» **Data for analysis**
_ _ _
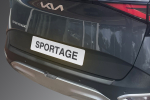 Loading sill protection Kia Sportage (NQ5) 12.2021-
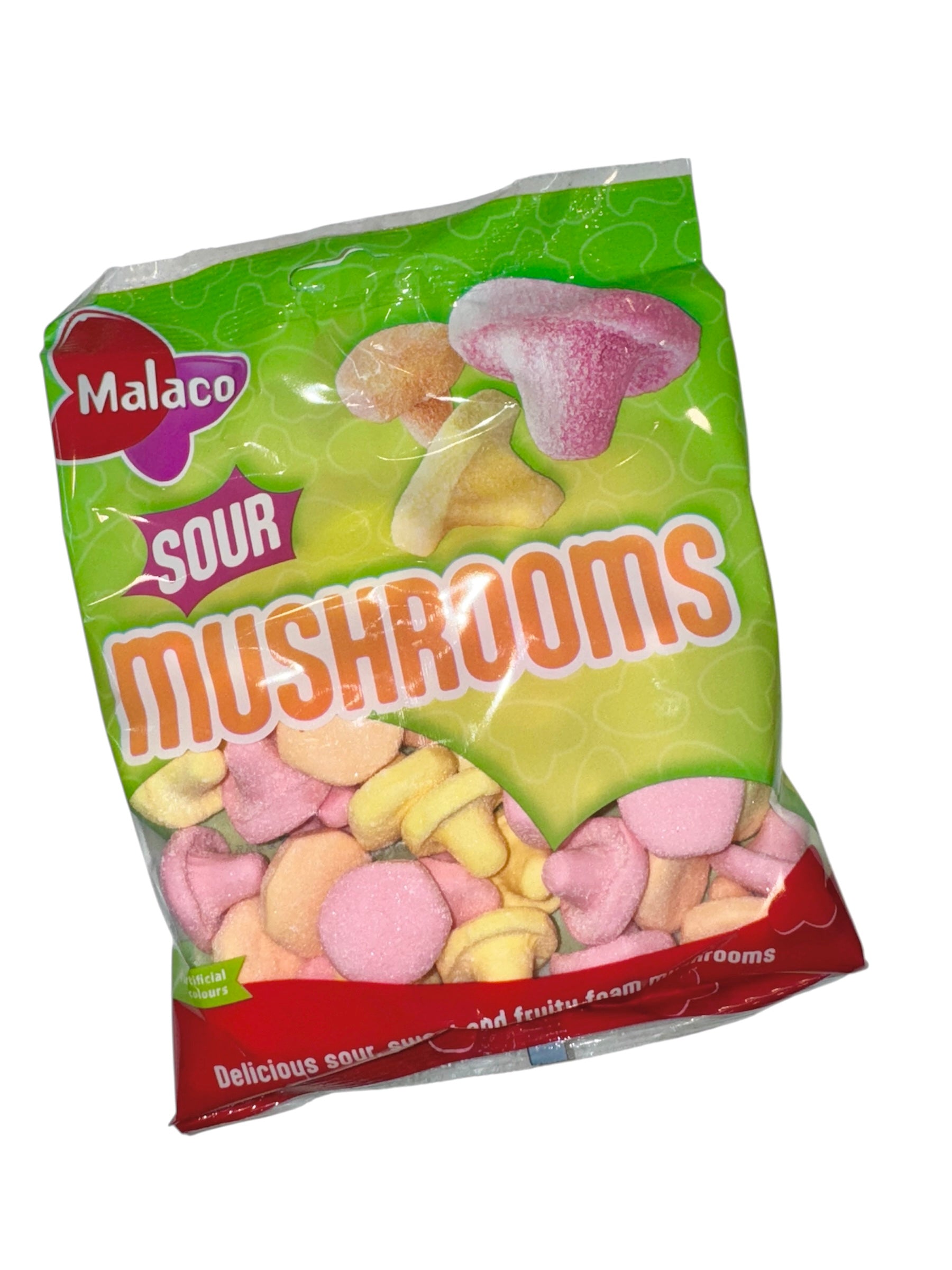 Sour Mushrooms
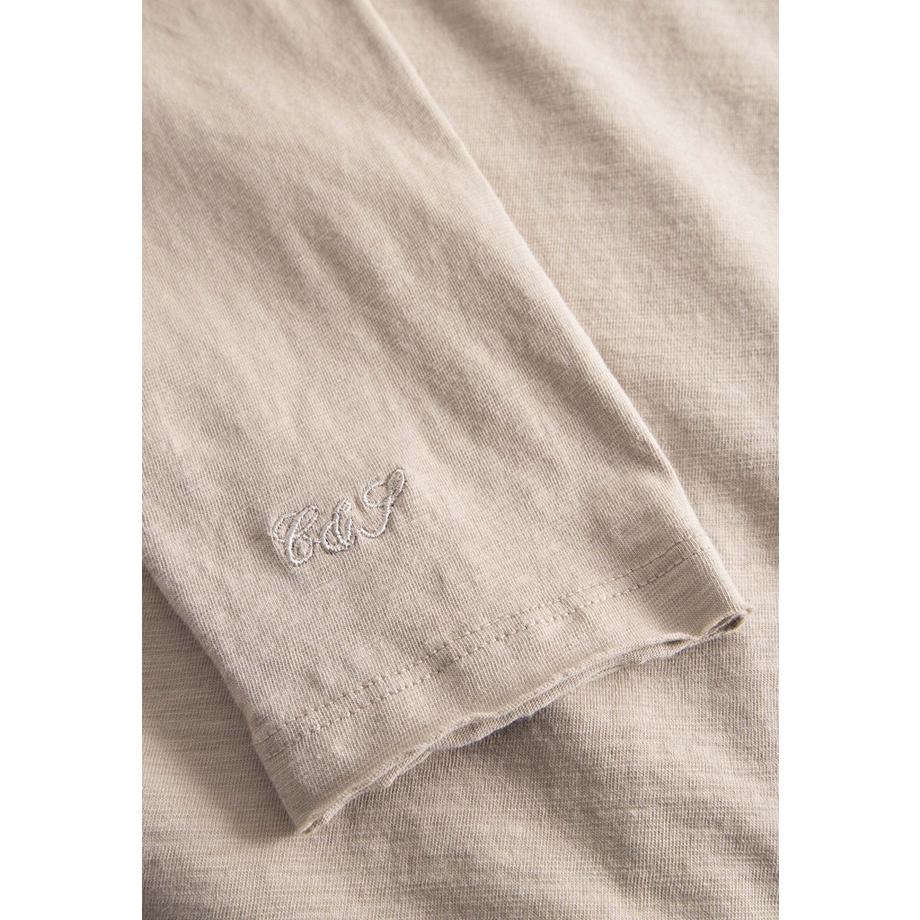 Colours & Sons Slub Longsleeve Shirt  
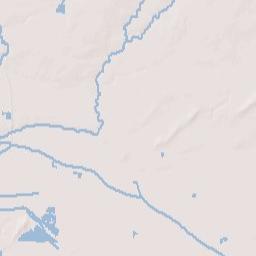 Shawnee New York Terrain Map
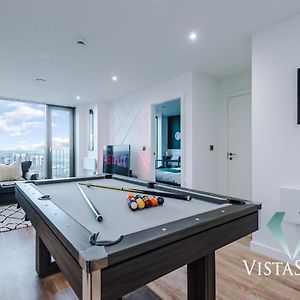 Modern 2 Bed Apartment In Manchester City Centre With Pool Table
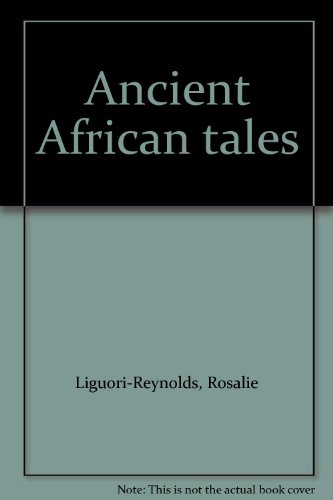 Stock image for Ancient African tales for sale by The Book Garden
_ _ _
» **Exercise description**
Starting with the line that contains "Colours & Sons Slub Longsleeve Shirt" and ending with the last line of the data above, transcribe exactly those lines and no others, without pictures.

» **Expected answer**
 Colours & Sons Slub Longsleeve Shirt  
 Shawnee New York Terrain Map
 Modern 2 Bed Apartment In Manchester City Centre With Pool Table
 Stock image for Ancient African tales for sale by The Book Garden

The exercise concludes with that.